Write out only the lines from the line that holds "Goniopora/ alvepora" to the end of the listing below, inclusive, with the pictures omitted.

Available data:
============================================================
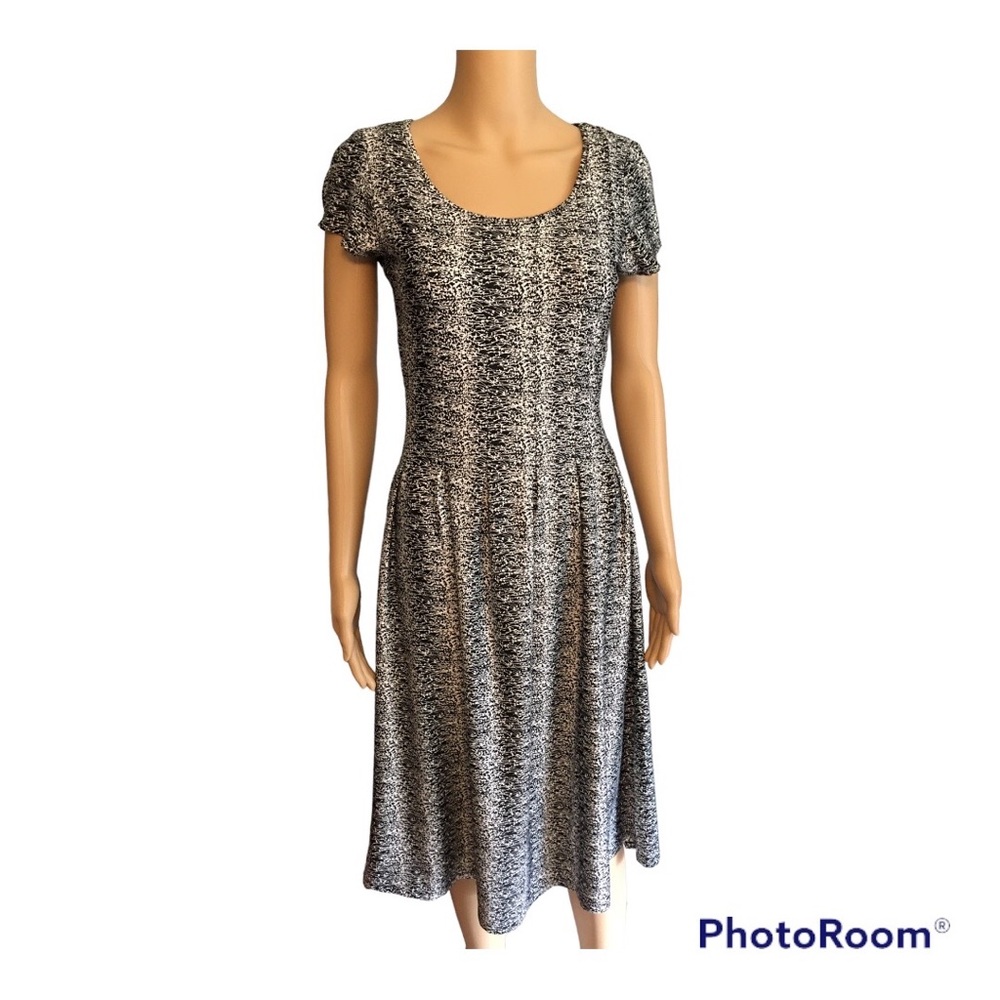 NY Collection NWOT Petite PXS fit and flare dress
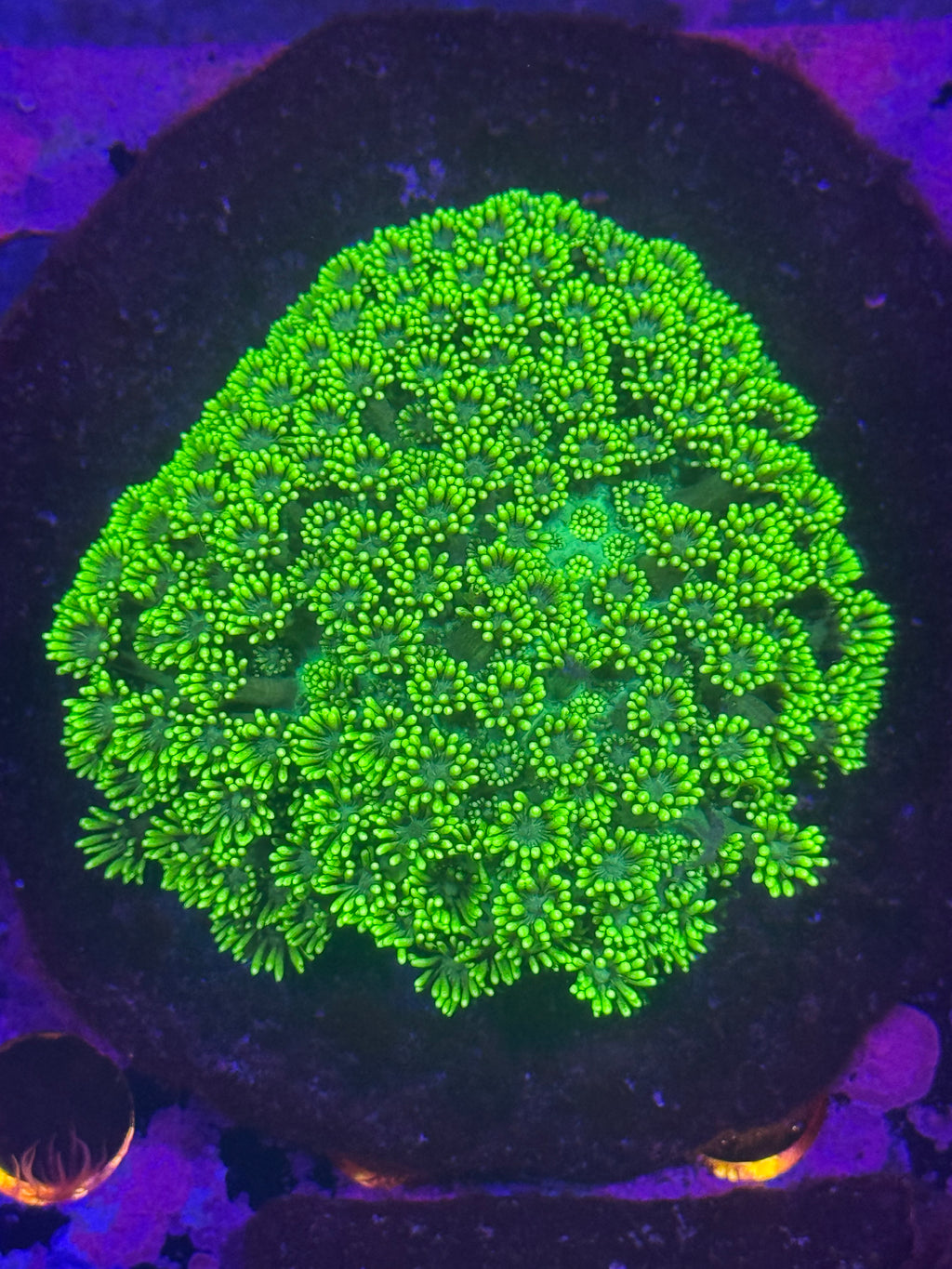 Goniopora/ alvepora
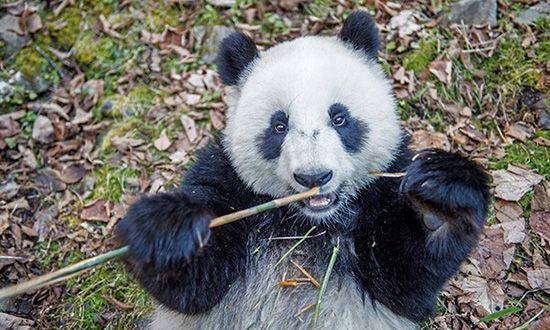 「パンダスーツ」を著込んで野生パンダを撮影するカメラマン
============================================================
Answer box:
 Goniopora/ alvepora
 「パンダスーツ」を著込んで野生パンダを撮影するカメラマン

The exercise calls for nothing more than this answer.